Read The End or Something Like That Online
Authors: Ann Dee Ellis
A light went on in my house.
My dad was most likely working late, and Joe was probably out with his butthead friends, but Mom would be waiting. Reading a self-help book and waiting.
She was always waiting for me.
“Sit down,” Ms. Dead Homeyer said.
So I sat down.
She started humming again.
This time it was “We Don't Need No Education” by Pink Floyd.
I scooted farther away from her. She stopped humming and looked at me. “You're a funny girl,” she said.
I'm a funny girl?
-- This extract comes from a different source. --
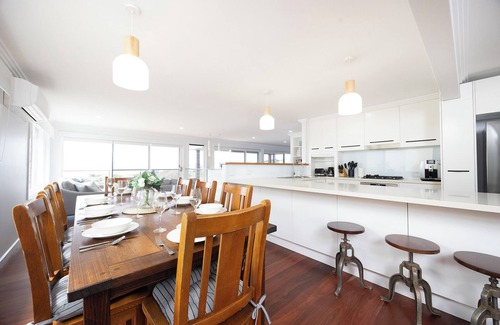 Forster House | Beachfront Luxury - Games Room & Beach Essentials!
Me?
Then she said, “And this is a big weekend, isn't it?”
My heart started thumping again. How did she know that? Why was she here? Did she see Kim?
She was playing with her shoelace and she said, “It's not what people think. You know what I mean?”
I had no idea what she meant. I just wanted her to tell me if Kim was coming. “I don't know what you mean,” I said.
She smiled. “I think you do.”
Then she stood up.
“I have to go.”
“You have to go?” I said.
“Yes. I have to go. There will be others.”
“Others?”
Now my heart was really thumping. She walked over and squatted down in close to my face and said, “Emmy? Don't let anyone forget about Ed, okay?”
“
What?”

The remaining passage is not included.